There were not many studies I read since 1996, which actually studied the correlation between Dow and Sensex or other emerging market indices and whether such comparisons really made sense. Even fundamental analysts historically have taken refuge in this, suggesting upside as a predictable certainty and downside as the Dow effect. The correlations between Dow and Sensex are poor. Rather correlation itself increases and decreases as markets move from greed to fear. At both extremes, the correlations have known to be high. This is why during contagions every market seems to be correlated.

Going a bit deeper into correlations between Dow and Sensex suggest a historical correlation of 0.69, for the last decade it has been at 0.64, the highest correlation has been since 2002 lows at 0.90 which has fallen now to 0.82 if you look at just the last year. I just ran a random check to see if the correlation could just go negative. And here I was at the first attempt, – 0.42 from 26 May 2005 to 19 Oct 2005. I did a similar exercise on another emerging market Index, Romanian BETFI. Dow and BETFI suggest a historical correlation of 0.86. December 2003 till December 2007 saw high correlation values at 0.92. Every equity index was going up at this time, no wonder such high readings you will find in many equity indices when compared to Dow. December 2000-2003, the correlation was negative at -0.68. The random check leads to a negative correlation at – 0.79 from March 2001 to October 2002.

Correlations are an illusion that we live in, as you can actually draw a cycle of increasing and decreasing correlations between Dow and Sensex. And what use is correlation anyway? Correlation as a trading indicator works miserably with not many backtesting validations.

And if we just extend the relationship to Dow and Dollar, which have been to be strongly linked, a strong dollar and positive Dow move together. Even in this pair, the correlations between Dow and Dollar can go awry, cyclically, positive correlation today and negative tomorrow. It just does not work. Once you identify that the correlation is increasing you know the assets are in sync and vice versa. It is like the classic outperformance underperformance Intermarket cycles we have talked about. There will always be a period Dow will outperform Sensex and a period when it will underperform. Just to look at one side of the cycle is extrapolation and ignoring the other side, calling it decoupling, is human.

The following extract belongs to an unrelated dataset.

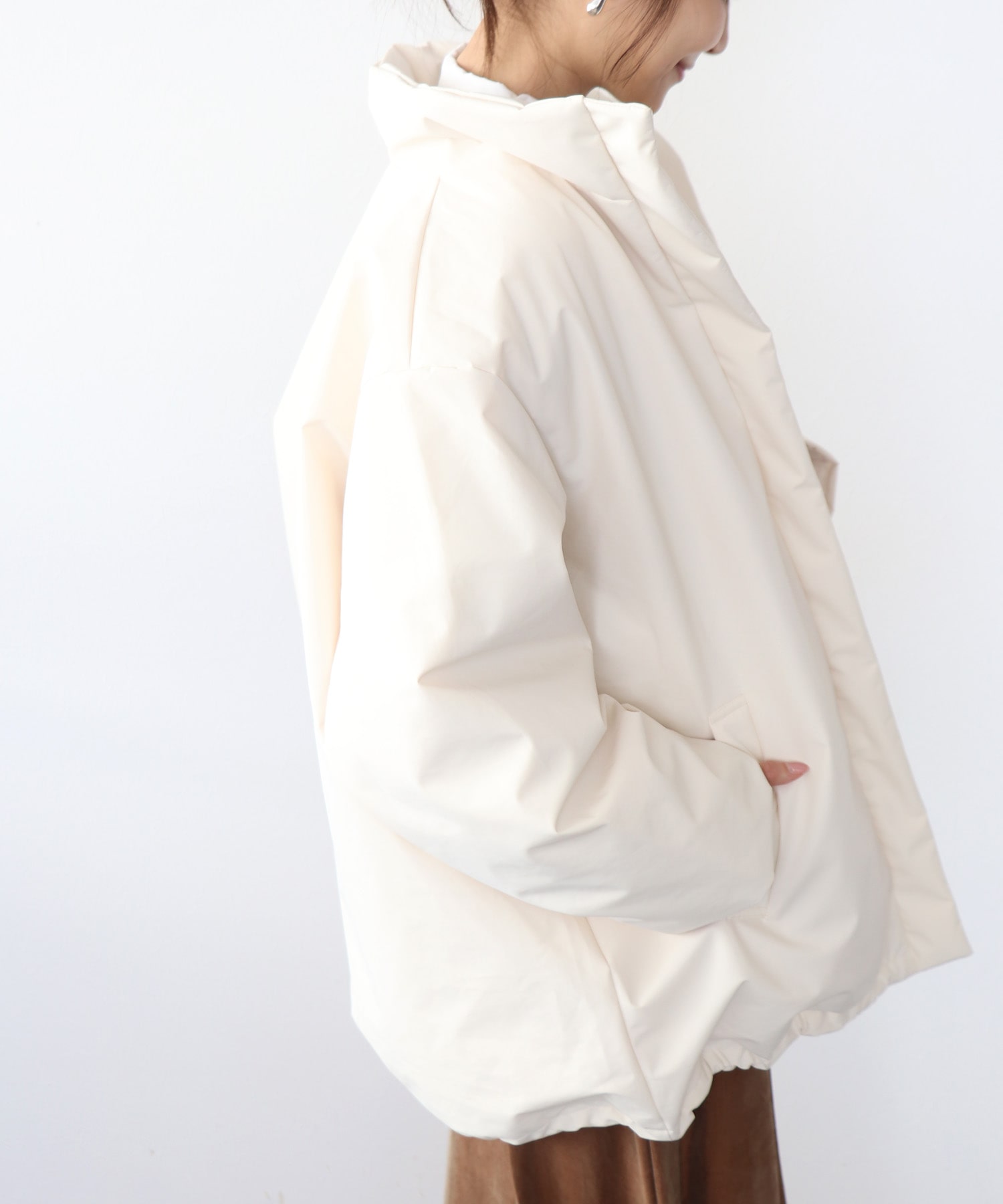 ステッチレス ライナー付きダウンジャケット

Dow is the psychological alibi that we use to explain market vagaries. There is no other way you can explain why if the problem is in America, why did China, Russia, India, and the world fall more than the Dow. Of course, there will be some explanation for this too. But then how quantifiable is it? We at Orpheus believe that emerging markets are better indicators and lead the Dow. India formed the primary low on 21 September months before the 08 October low of Dow in 2002. Indian and Chinese Indices may have lagged at the current top, topping after the 11 October 2007 high in Dow, but emerging markets like Romania had topped as early as 24 July 2007. This is why Dow psychology remains flawed and October low might have more to do with Nikkei than Dow.